Nemirovsky had earned a licence de lettres at the Sorbonne in 1926 (she became fluent in French and maintained her prolific career in that language), a year that also saw the publication of her first novel, Le Malentendu (although she had been publishing short stories and novellas since 1923). That same year she married Michel Epstein, a Russian emigré businessman; they had two daughters, Denise, born in 1929 and Elisabeth, in 1937. A thriving young family and a highly active public life did not hamper her creative energy and during the 1930s Nemirovsky produced two best-selling novels that quickly became feature films: David Golder in 1929 (starring Harry Baur in Julien Duvivier’s first sound film about an unhappy Jewish patriarch) and Le Bal in 1930 (adapted to film in 1931 starring Danielle Darrieux in her screen debut as a sensitive young woman who despises the greed of the nouveaux riches).

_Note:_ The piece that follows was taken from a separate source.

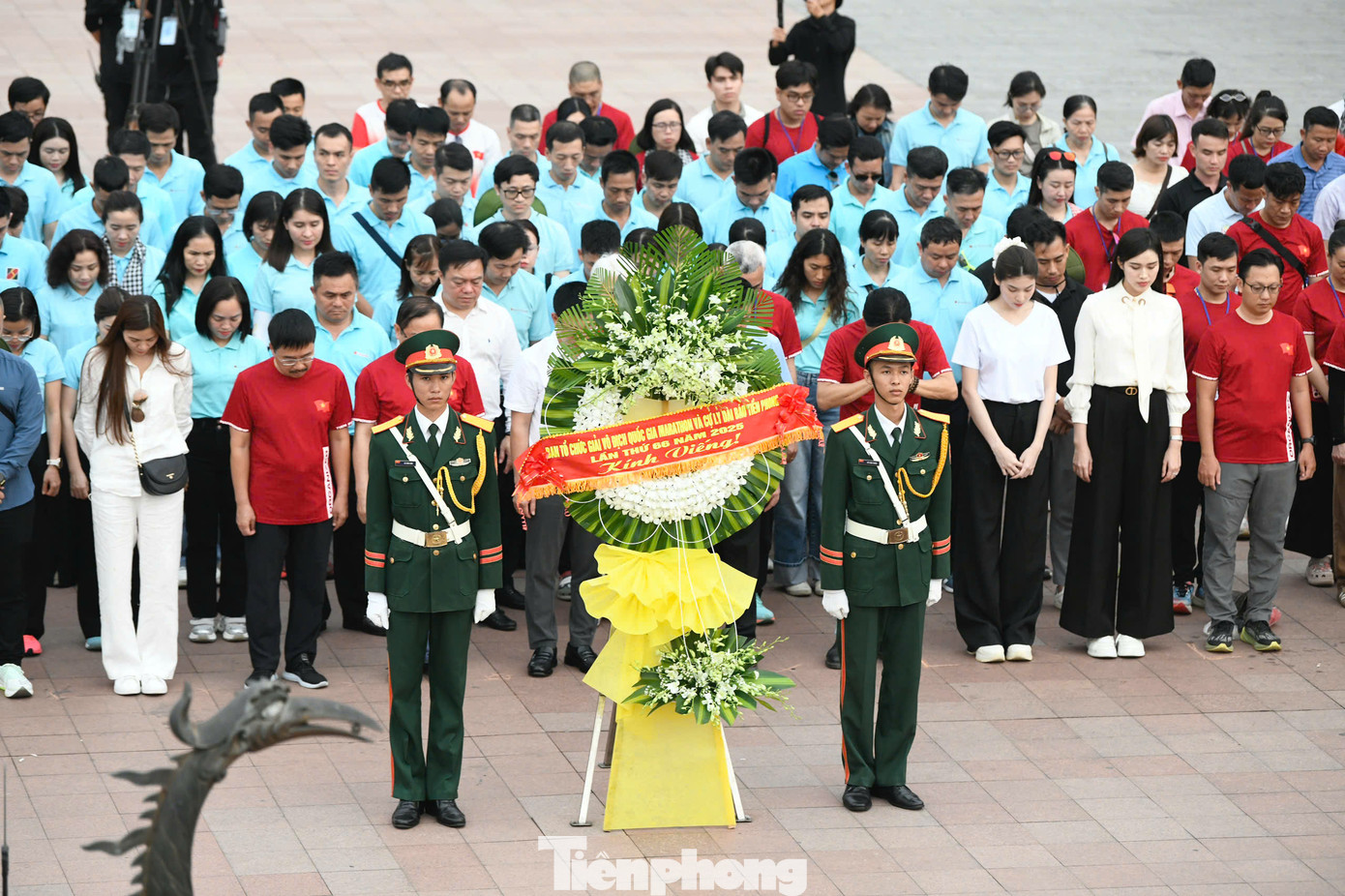 Trong khuôn khổ Giải Vô địch Quốc gia Marathon và cự ly dài báo Tiền Phong lần thứ 66 - năm 2025 (Tiền Phong Marathon 2025), BTC giải tổ chức lễ dâng hương tại di tích Thành cổ Quảng Trị chiều 28/3.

While the former novel offers an astute portrait of an entire age on a grand scale, the latter details an intimate and complex relation between a mother and daughter. Nemirovsky was equally adept at large canvases and miniatures. In addition to over a dozen novels, a comprehensive biography of Chekhov was published posthumously in 1946, consolidating a reputation that was already well-established by the time of Nemirovsky’s arrest.
After France declared war on Germany in September 1939, Nemirovsky hastily had her two daughters baptized into the Catholic church and sent them to safety in the village of Issy-l’Eveque where their nanny’s parents lived. Once Germany invaded and conquered France in June 1940, Nemirovsky found she had lost the support of her editors and friends; wearing the yellow star, she joined her daughters, as did their father the following year, since as a foreign-born Jew he had lost his right to work. It was in this village and this atmosphere that Nemirovsky began to outline her five-part epic novel, inspired by War and Peace and eerily foreshadowing the end that was to come. Of the five sections, “Storm in June,” “Dolce,” “Captivity,” “Battle,” and “Peace,” only the first two were completed, one dealing with the flight of Jews from Paris during the great exodus of 1940, the other with the early period of German occupation. In July 1942, just days after finishing the second volume, Irene was arrested in front of her girls and immediately deported to the East. After a desperate campaign to secure her release, her husband was himself arrested just two months later and was gassed upon arrival at Auschwitz.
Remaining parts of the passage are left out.